*TASK DETAILS:* Could you repeat all of the entries word for word, minus any pictures?

::: EXERCISE MATERIALS

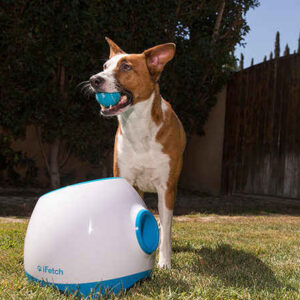 iFetch Ball Launcher for Large Dogs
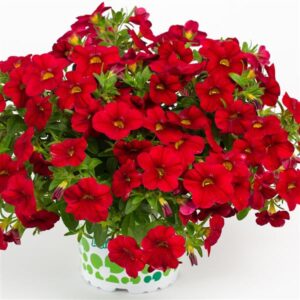 Small, bright red petunia-like blossoms on a dense plant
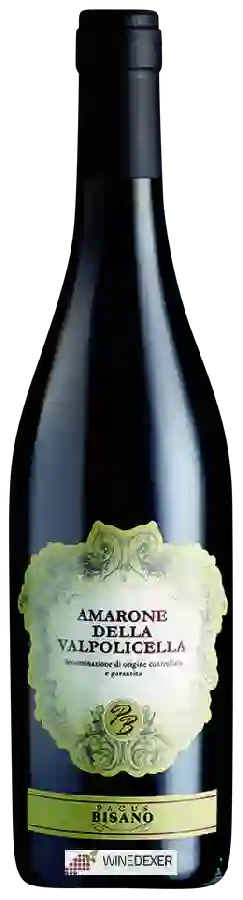 Winery Pagus Bisano - Amarone della Valpolicella Winery Pagus Bisano - Amarone della Valpolicella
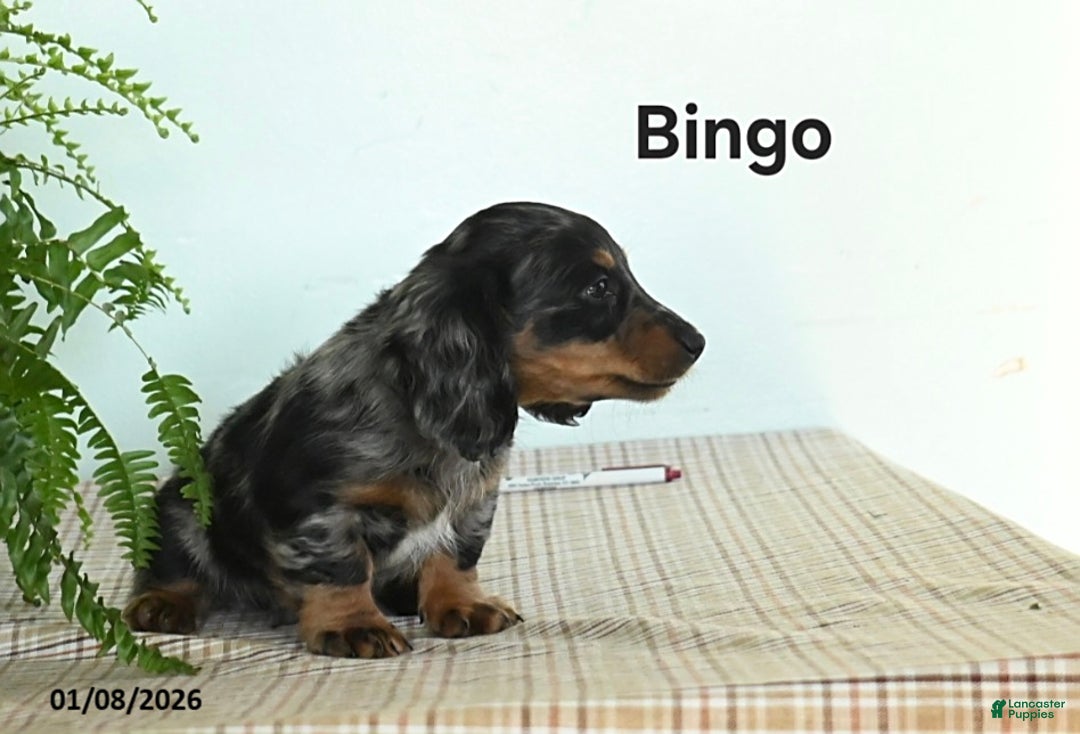 Miniature Dachshund dogs for sale: Bingo - Ad 3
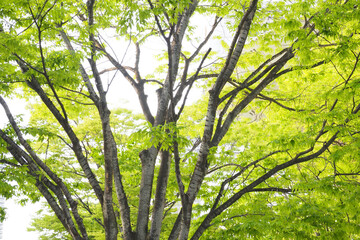 新緑の樹木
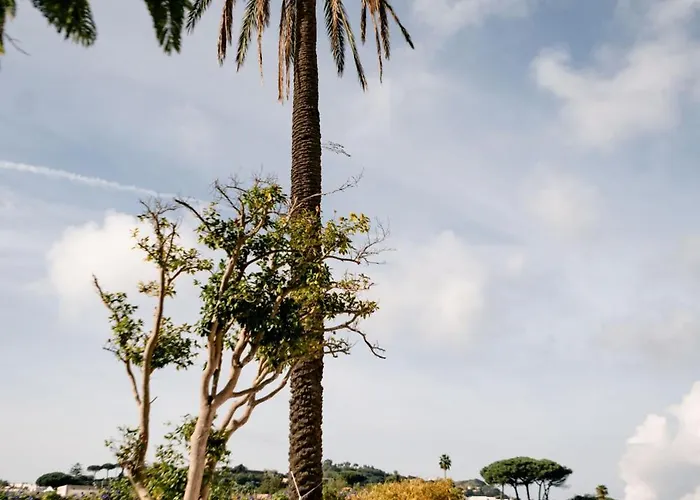 Tenuta Calitto Wine E * Sant'Angelo (Isola d'Ischia)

::::::

*RESPONSE BOX:*
 iFetch Ball Launcher for Large Dogs
 Small, bright red petunia-like blossoms on a dense plant
 Winery Pagus Bisano - Amarone della Valpolicella Winery Pagus Bisano - Amarone della Valpolicella
 Miniature Dachshund dogs for sale: Bingo - Ad 3
 新緑の樹木
 Tenuta Calitto Wine E * Sant'Angelo (Isola d'Ischia)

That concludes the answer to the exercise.